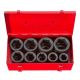 TEKTON 1-in Drive 1-2-in 6-Point Deep Impact Socket Set (9-Piece)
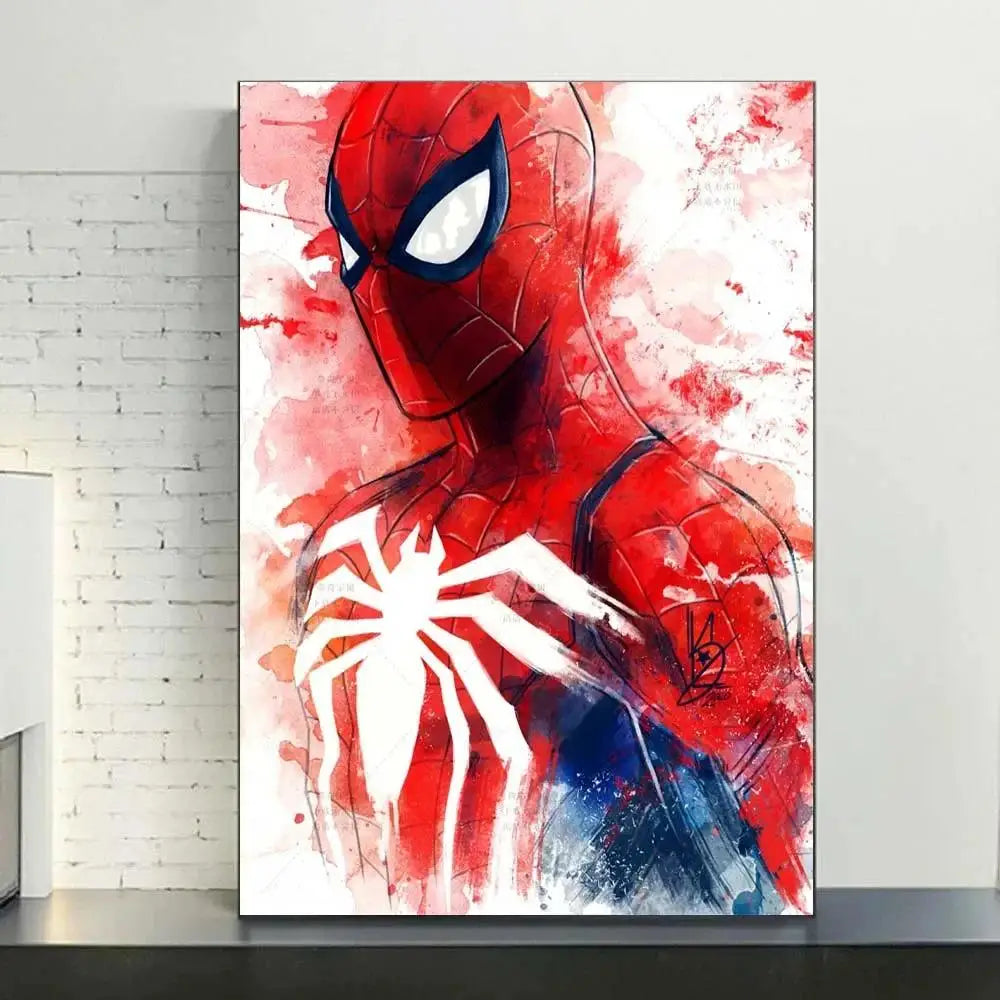 Marvel Movie Watercolor Spiderman Superhero Canvas Posters Modern Home Wall Art Painting Print Picture Room Decor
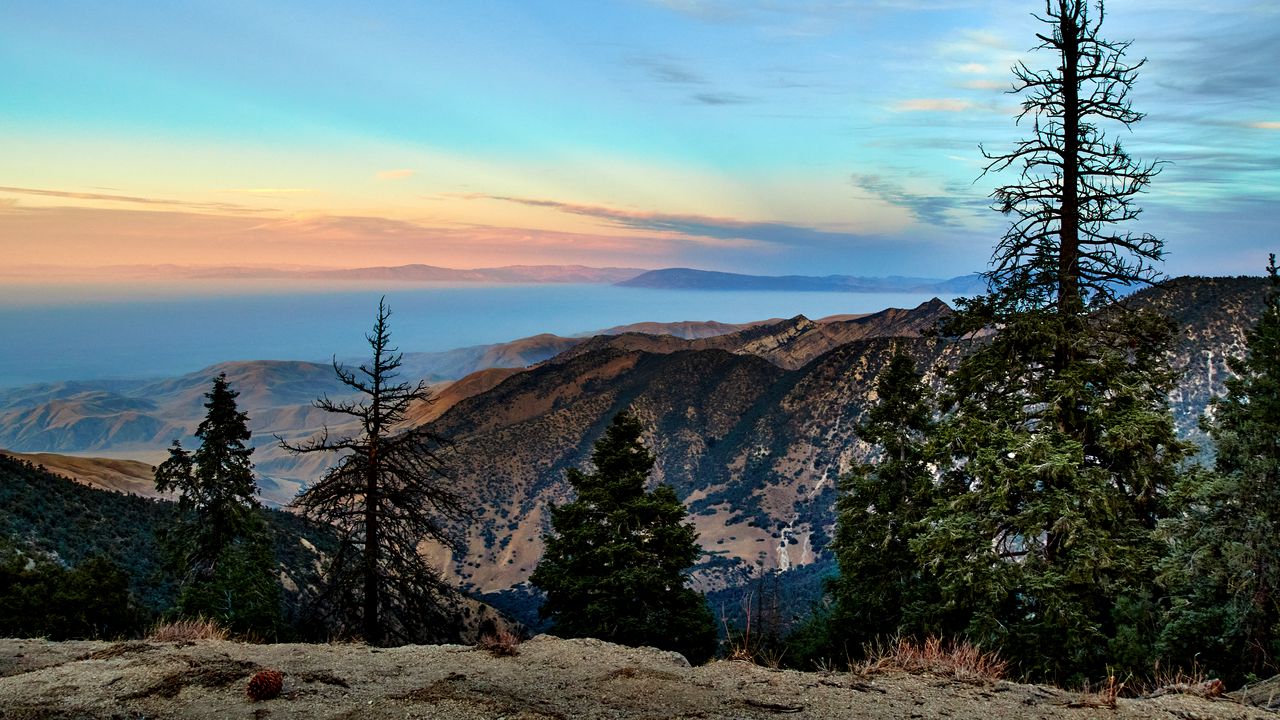 Wallpaper mountains, trees, landscape, view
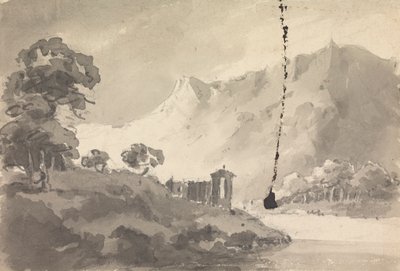 Paisaje con castillo, río y montaña de Rev. William Gilpin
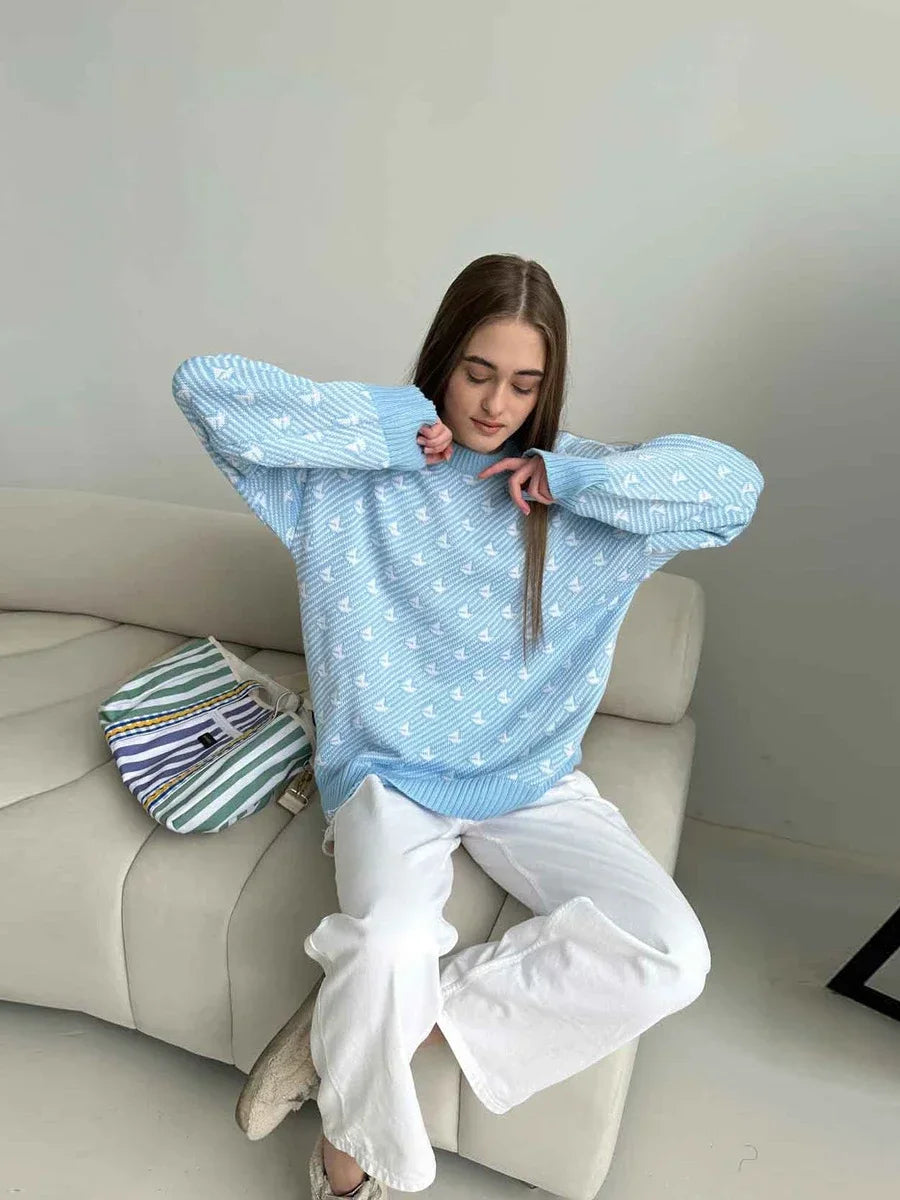 Pull Col Rond Molleton Confortable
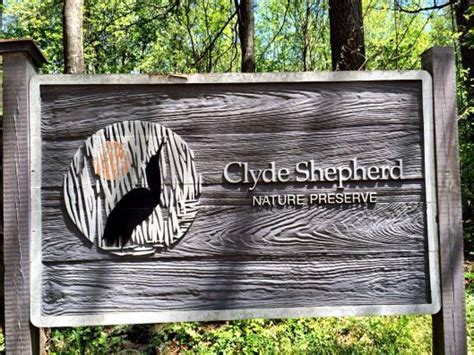 the sign for clyde shepherd nature preserve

[Your assignment] Set down the line containing "Paisaje con castillo, río" and every line after it up to the end of the material, exactly as written, but not the pictures.

[Response to the task]
 Paisaje con castillo, río y montaña de Rev. William Gilpin
 Pull Col Rond Molleton Confortable
 the sign for clyde shepherd nature preserve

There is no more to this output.